Selanjutnya LAZ berskala provinsi atau kabupaten/kota wajib menyampaikan laporan pengelolaan zakat secara tertulis kepada BAZNAS daerah dan pemerintah daerah sesuai dengan skala LAZ pada setiap 6 (enam) bulan dan akhir tahun.

Sementara itu, untuk perwakilan LAZ skala nasional yang berada di daerah wajib menyampaikan laporan pengelolaan zakatnya secara tertulis kepada LAZ (induk) dengan menyampaikan tembusan kepada pemerintah daerah, kepala kantor wilayah kementerian agama provinsi, dan kepala kantor kementerian agama kabupaten/kota.

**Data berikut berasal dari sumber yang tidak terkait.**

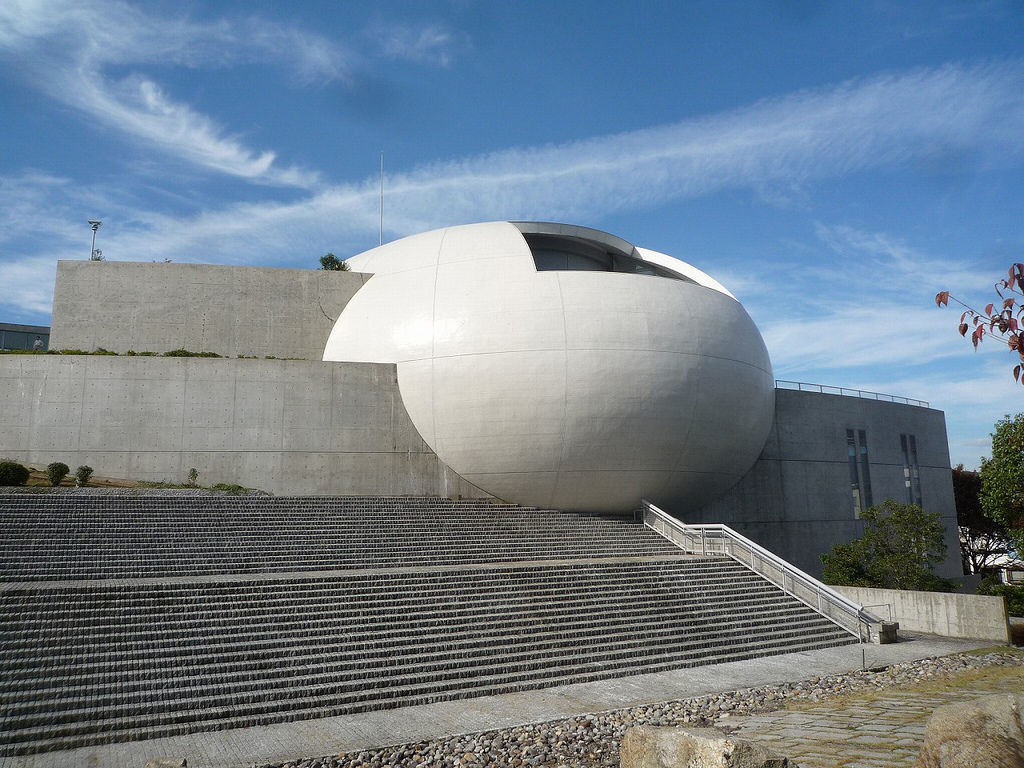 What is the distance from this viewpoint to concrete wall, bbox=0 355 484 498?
784 inches

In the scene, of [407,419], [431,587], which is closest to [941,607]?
[431,587]

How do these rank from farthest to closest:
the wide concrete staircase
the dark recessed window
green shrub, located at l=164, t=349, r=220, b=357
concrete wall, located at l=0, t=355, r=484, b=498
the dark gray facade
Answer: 1. the dark recessed window
2. green shrub, located at l=164, t=349, r=220, b=357
3. the dark gray facade
4. concrete wall, located at l=0, t=355, r=484, b=498
5. the wide concrete staircase

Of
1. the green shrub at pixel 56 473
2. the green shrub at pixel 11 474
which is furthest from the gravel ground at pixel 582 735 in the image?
the green shrub at pixel 56 473

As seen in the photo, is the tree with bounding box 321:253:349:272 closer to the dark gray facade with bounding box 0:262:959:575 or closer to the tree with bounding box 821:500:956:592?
the dark gray facade with bounding box 0:262:959:575

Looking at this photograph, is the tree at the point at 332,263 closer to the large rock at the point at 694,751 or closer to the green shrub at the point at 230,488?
the green shrub at the point at 230,488

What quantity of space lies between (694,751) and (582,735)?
3.94m

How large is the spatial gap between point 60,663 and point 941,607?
48.9ft

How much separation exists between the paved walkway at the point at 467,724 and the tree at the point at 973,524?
1354 inches

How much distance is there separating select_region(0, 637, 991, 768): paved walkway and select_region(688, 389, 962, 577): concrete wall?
13626mm

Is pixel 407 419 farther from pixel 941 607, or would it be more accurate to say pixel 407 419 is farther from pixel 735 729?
pixel 735 729

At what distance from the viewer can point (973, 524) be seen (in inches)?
1598

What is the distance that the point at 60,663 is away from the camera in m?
9.01

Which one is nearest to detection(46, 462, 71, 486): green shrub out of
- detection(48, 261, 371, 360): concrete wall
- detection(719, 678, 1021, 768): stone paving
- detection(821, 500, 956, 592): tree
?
detection(48, 261, 371, 360): concrete wall

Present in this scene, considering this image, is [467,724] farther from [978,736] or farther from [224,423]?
[224,423] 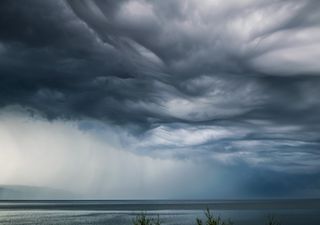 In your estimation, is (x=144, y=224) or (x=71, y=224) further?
(x=71, y=224)

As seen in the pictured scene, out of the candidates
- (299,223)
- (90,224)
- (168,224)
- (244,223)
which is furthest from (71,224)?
(299,223)

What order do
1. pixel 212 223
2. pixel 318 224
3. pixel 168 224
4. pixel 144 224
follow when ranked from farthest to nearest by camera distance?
pixel 168 224 < pixel 318 224 < pixel 144 224 < pixel 212 223

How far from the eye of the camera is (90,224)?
131 metres

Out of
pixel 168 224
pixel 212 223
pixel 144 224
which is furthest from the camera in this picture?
pixel 168 224

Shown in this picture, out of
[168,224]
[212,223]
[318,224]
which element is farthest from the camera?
[168,224]

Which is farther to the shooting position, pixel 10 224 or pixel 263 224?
pixel 10 224

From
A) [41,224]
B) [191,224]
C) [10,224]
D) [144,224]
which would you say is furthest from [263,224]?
[144,224]

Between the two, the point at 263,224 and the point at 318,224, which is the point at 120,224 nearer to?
the point at 263,224

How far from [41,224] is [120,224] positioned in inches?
1158

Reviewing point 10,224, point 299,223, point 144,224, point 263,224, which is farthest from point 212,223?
point 10,224

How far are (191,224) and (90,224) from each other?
37.7 m

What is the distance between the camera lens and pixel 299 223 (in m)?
126

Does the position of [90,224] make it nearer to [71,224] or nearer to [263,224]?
[71,224]

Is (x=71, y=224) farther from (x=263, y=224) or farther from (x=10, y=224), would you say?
(x=263, y=224)
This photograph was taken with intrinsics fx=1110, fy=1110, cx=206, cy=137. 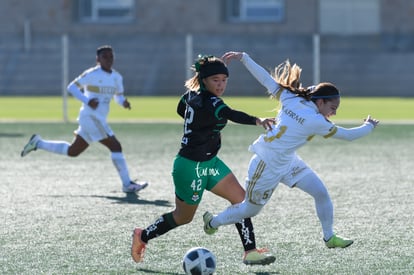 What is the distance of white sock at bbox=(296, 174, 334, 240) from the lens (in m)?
8.86

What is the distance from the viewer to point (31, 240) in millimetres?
9719

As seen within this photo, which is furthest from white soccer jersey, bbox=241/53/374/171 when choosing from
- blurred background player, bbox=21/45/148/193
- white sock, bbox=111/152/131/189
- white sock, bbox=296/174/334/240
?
blurred background player, bbox=21/45/148/193

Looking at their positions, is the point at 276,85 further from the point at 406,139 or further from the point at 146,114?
the point at 146,114

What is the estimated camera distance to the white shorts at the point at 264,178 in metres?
8.72

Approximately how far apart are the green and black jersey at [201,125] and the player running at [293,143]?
0.35m

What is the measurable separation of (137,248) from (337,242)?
5.20 ft

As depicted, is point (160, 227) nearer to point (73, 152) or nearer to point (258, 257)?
point (258, 257)

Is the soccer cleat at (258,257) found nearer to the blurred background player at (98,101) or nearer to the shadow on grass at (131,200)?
the shadow on grass at (131,200)

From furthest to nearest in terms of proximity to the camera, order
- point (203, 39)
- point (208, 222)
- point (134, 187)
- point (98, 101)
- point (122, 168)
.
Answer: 1. point (203, 39)
2. point (98, 101)
3. point (122, 168)
4. point (134, 187)
5. point (208, 222)

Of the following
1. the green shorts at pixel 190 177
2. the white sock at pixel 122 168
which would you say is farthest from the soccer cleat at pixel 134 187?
the green shorts at pixel 190 177

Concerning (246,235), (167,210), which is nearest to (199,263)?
(246,235)

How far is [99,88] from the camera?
46.4 feet

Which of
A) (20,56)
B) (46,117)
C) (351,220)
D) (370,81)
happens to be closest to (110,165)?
(351,220)

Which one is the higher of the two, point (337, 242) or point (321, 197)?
point (321, 197) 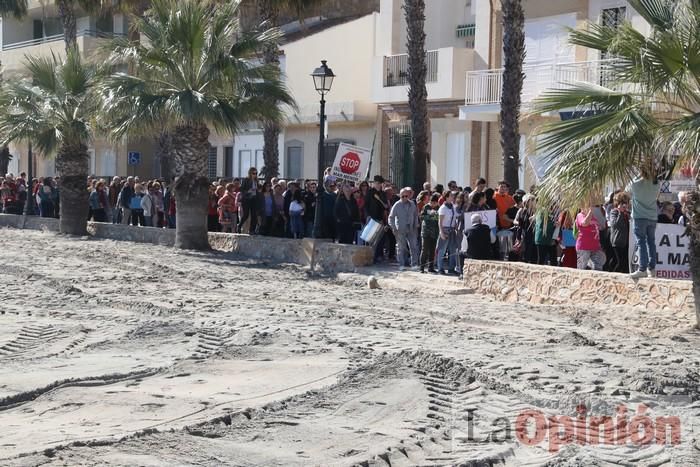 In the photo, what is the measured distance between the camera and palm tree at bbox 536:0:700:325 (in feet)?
40.0

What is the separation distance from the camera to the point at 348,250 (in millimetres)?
20109

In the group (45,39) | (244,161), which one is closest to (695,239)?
(244,161)

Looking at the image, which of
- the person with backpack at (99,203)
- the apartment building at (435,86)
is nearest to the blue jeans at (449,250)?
the apartment building at (435,86)

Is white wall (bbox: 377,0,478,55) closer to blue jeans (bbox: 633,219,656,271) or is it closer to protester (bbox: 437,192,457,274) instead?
protester (bbox: 437,192,457,274)

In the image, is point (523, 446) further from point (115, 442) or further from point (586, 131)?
point (586, 131)

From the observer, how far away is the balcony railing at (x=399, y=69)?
96.8 feet

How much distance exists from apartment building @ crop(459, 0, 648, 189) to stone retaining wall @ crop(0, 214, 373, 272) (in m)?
6.38

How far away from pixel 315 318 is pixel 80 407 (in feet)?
19.3

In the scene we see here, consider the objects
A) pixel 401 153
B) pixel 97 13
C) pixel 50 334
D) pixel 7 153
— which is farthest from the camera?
pixel 7 153

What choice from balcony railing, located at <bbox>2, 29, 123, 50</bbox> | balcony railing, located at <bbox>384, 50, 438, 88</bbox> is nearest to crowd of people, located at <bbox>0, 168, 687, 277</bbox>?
balcony railing, located at <bbox>384, 50, 438, 88</bbox>

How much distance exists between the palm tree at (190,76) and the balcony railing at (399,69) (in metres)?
6.62

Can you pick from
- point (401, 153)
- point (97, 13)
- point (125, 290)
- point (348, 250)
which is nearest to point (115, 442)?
point (125, 290)

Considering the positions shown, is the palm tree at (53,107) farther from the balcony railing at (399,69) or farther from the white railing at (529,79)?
the white railing at (529,79)

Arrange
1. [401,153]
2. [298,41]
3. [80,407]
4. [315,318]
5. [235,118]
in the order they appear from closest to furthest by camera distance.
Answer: [80,407] < [315,318] < [235,118] < [401,153] < [298,41] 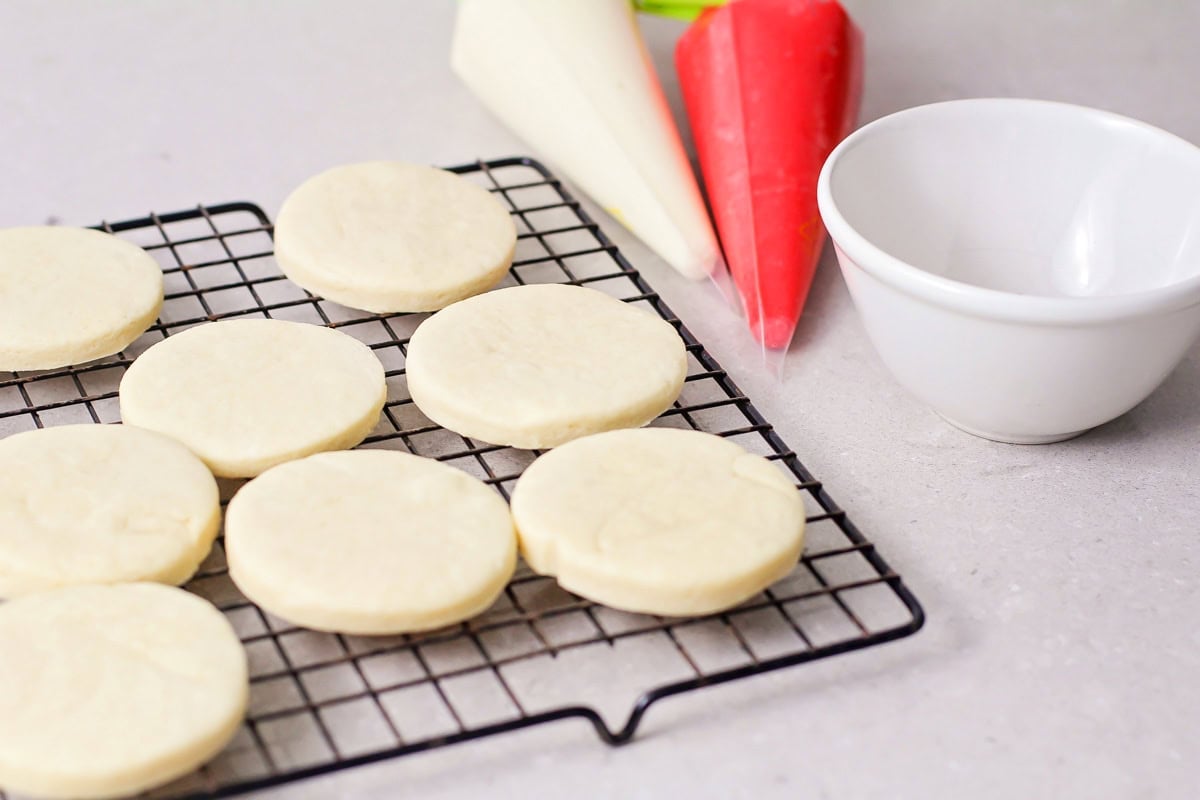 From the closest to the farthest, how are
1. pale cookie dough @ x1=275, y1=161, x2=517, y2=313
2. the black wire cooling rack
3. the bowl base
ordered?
the black wire cooling rack < the bowl base < pale cookie dough @ x1=275, y1=161, x2=517, y2=313

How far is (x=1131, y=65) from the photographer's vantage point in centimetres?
223

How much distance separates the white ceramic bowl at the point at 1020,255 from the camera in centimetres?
123

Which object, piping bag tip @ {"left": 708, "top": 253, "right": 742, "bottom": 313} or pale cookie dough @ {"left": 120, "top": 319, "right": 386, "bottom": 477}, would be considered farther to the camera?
piping bag tip @ {"left": 708, "top": 253, "right": 742, "bottom": 313}

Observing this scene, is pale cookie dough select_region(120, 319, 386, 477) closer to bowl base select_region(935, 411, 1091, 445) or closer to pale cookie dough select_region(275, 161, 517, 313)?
pale cookie dough select_region(275, 161, 517, 313)

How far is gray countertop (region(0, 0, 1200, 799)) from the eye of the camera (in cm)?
106

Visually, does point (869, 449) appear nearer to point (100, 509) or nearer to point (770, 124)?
point (770, 124)

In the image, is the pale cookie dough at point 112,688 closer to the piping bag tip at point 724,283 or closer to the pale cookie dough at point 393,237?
the pale cookie dough at point 393,237

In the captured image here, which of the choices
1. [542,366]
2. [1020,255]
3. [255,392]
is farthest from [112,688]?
[1020,255]

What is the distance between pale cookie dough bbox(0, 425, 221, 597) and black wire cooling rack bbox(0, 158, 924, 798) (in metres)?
0.06

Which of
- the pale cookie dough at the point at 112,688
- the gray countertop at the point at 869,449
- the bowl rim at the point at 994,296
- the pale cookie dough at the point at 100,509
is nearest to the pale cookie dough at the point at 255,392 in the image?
the pale cookie dough at the point at 100,509

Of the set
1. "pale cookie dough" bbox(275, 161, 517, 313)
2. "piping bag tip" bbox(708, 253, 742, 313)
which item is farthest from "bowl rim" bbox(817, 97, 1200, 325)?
"pale cookie dough" bbox(275, 161, 517, 313)

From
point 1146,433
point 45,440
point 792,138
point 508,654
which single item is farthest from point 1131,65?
point 45,440

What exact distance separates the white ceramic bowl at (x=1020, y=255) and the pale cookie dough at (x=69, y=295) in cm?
75

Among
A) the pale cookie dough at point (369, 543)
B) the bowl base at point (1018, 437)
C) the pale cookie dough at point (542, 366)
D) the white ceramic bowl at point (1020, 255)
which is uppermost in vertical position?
the white ceramic bowl at point (1020, 255) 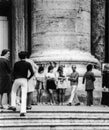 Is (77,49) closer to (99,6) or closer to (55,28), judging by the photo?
(55,28)

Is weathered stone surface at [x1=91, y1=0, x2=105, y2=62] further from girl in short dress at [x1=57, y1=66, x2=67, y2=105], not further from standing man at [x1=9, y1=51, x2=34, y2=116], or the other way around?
standing man at [x1=9, y1=51, x2=34, y2=116]

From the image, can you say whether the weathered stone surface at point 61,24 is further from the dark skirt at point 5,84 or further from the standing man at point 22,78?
the standing man at point 22,78

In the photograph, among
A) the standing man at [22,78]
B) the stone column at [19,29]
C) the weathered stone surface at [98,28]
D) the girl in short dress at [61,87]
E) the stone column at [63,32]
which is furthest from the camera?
the weathered stone surface at [98,28]

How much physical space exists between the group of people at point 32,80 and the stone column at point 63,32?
811mm

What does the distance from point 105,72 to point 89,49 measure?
4263 mm

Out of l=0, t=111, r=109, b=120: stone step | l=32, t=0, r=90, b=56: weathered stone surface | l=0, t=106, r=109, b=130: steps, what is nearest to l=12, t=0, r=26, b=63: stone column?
l=32, t=0, r=90, b=56: weathered stone surface

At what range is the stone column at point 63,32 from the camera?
32.9 m

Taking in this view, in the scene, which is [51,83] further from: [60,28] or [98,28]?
[98,28]

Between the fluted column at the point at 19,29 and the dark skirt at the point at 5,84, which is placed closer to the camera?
the dark skirt at the point at 5,84

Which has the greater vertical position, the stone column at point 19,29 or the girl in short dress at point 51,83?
the stone column at point 19,29

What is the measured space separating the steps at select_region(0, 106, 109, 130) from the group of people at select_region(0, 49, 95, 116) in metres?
0.37

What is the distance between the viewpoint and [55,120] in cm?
2356

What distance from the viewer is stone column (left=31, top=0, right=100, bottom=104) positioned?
108 ft

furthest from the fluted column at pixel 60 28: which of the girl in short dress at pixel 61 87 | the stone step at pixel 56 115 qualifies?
the stone step at pixel 56 115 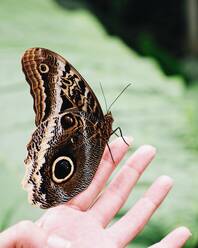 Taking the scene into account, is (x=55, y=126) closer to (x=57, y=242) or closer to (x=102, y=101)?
(x=57, y=242)

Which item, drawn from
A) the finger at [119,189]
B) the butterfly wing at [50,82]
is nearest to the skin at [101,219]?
the finger at [119,189]

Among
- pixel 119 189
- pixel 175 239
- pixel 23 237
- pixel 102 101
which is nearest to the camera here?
pixel 23 237

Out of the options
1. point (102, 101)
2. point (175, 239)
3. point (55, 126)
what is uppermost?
point (55, 126)

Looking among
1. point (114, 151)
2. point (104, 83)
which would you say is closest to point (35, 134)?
point (114, 151)

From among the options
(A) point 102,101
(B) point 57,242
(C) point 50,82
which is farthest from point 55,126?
(A) point 102,101

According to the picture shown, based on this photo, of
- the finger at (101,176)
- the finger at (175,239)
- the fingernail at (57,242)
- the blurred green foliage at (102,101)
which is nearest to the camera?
the fingernail at (57,242)

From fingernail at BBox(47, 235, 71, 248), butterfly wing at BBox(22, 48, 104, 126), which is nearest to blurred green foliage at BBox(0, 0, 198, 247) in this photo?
butterfly wing at BBox(22, 48, 104, 126)

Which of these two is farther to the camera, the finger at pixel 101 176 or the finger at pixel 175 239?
the finger at pixel 101 176

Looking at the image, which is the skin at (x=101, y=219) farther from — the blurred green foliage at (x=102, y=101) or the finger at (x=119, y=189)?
the blurred green foliage at (x=102, y=101) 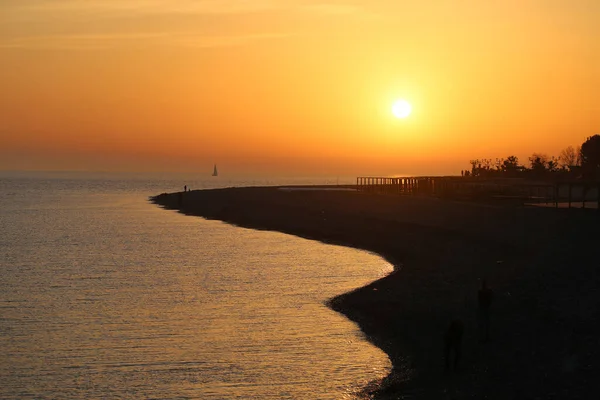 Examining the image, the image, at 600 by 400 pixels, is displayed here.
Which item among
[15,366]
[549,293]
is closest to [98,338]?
[15,366]

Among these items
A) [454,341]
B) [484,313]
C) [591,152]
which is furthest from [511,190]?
[454,341]

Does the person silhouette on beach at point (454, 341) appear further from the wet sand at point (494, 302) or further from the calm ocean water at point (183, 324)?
the calm ocean water at point (183, 324)

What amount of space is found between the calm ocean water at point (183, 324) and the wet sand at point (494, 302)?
134cm

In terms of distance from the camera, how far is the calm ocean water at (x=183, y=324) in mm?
19000

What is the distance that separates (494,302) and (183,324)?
10.9 m

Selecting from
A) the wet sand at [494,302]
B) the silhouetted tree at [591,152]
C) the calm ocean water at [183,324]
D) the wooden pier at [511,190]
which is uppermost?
the silhouetted tree at [591,152]

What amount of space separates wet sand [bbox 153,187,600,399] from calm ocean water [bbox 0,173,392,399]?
134 cm

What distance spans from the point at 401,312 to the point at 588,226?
21.7 meters

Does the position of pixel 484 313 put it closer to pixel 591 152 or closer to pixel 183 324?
pixel 183 324

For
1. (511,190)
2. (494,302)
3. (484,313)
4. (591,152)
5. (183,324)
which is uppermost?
(591,152)

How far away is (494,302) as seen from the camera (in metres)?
24.9

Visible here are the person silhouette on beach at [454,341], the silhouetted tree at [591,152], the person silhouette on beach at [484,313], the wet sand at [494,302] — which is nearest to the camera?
the wet sand at [494,302]

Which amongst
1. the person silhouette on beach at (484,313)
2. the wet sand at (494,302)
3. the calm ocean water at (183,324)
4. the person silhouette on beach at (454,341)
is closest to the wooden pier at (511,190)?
the wet sand at (494,302)

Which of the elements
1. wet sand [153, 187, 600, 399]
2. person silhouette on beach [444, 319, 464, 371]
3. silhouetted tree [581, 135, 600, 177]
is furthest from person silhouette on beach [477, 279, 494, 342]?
silhouetted tree [581, 135, 600, 177] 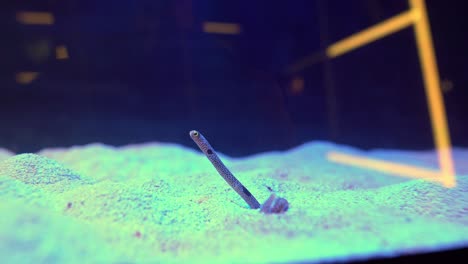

Setelah semuanya terkumpul, dari seluruh laporan BAZNAS provinsi/ kab/ kota dan LAZ se-Indonesia, selanjutnya BAZNAS pusat melaporkan pelaksanaan pengelolaan zakat secara nasional kepada Menteri Agama setiap 6 (enam) bulan dan akhir tahun.

Bersamaan dengan itu juga, BAZNAS pusat melaporkan pengelolaan zakat nasional secara tertulis kepada Presiden melalui Menteri Agama dan kepada Dewan Perwakilan Rakyat Republik Indonesia paling sedikit 1 (satu) kali dalam 1 (satu) tahun.